**How to complete this task**
Look below for the line that has "A demonstrator holds"; output exactly from it through the line that has "a view of a brick building with many windows", and leave the pictures out.

**Supplied material**
'''

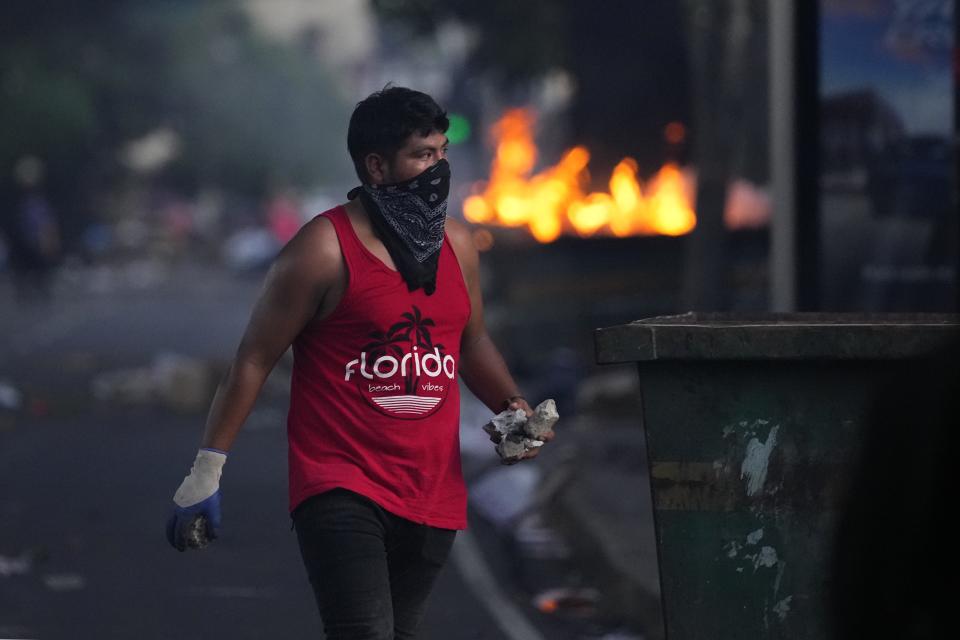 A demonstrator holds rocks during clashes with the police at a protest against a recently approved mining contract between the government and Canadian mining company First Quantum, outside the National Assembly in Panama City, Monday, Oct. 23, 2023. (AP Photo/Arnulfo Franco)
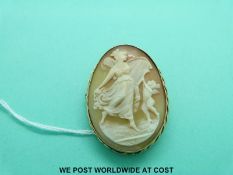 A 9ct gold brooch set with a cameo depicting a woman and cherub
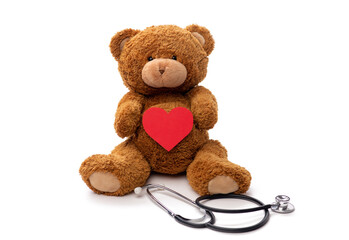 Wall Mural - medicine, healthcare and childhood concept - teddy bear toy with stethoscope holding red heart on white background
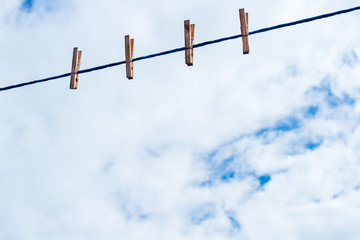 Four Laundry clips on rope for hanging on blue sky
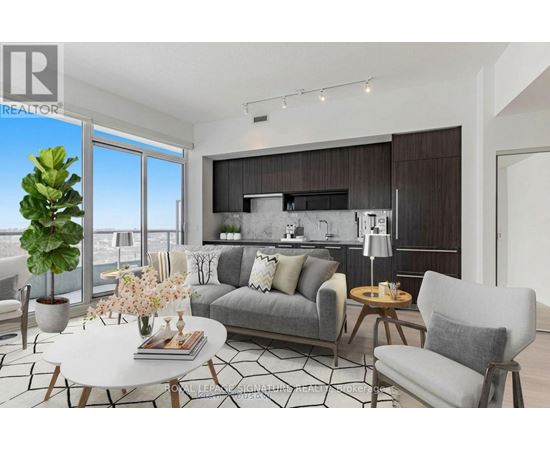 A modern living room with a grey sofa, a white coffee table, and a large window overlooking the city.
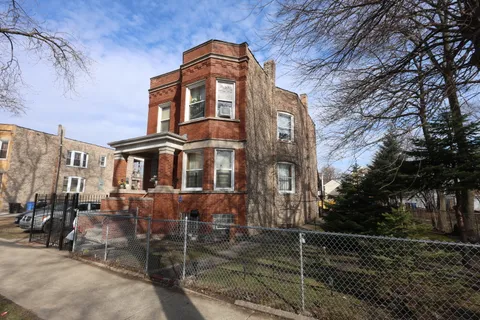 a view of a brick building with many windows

'''
'''

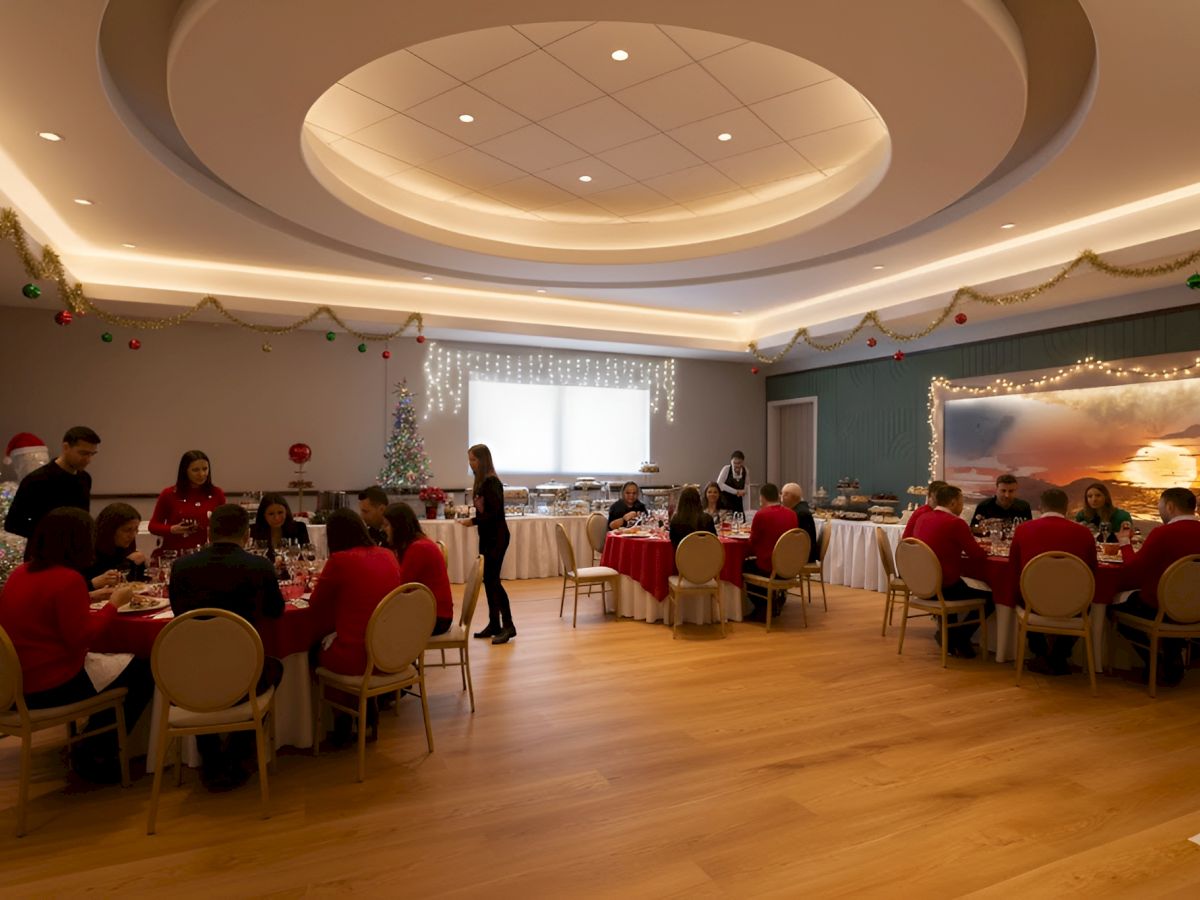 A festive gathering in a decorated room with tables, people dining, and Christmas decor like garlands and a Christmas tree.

'''

**Exercise response**
 A demonstrator holds rocks during clashes with the police at a protest against a recently approved mining contract between the government and Canadian mining company First Quantum, outside the National Assembly in Panama City, Monday, Oct. 23, 2023. (AP Photo/Arnulfo Franco)
 A 9ct gold brooch set with a cameo depicting a woman and cherub
 Wall Mural - medicine, healthcare and childhood concept - teddy bear toy with stethoscope holding red heart on white background
 Four Laundry clips on rope for hanging on blue sky
 A modern living room with a grey sofa, a white coffee table, and a large window overlooking the city.
 a view of a brick building with many windows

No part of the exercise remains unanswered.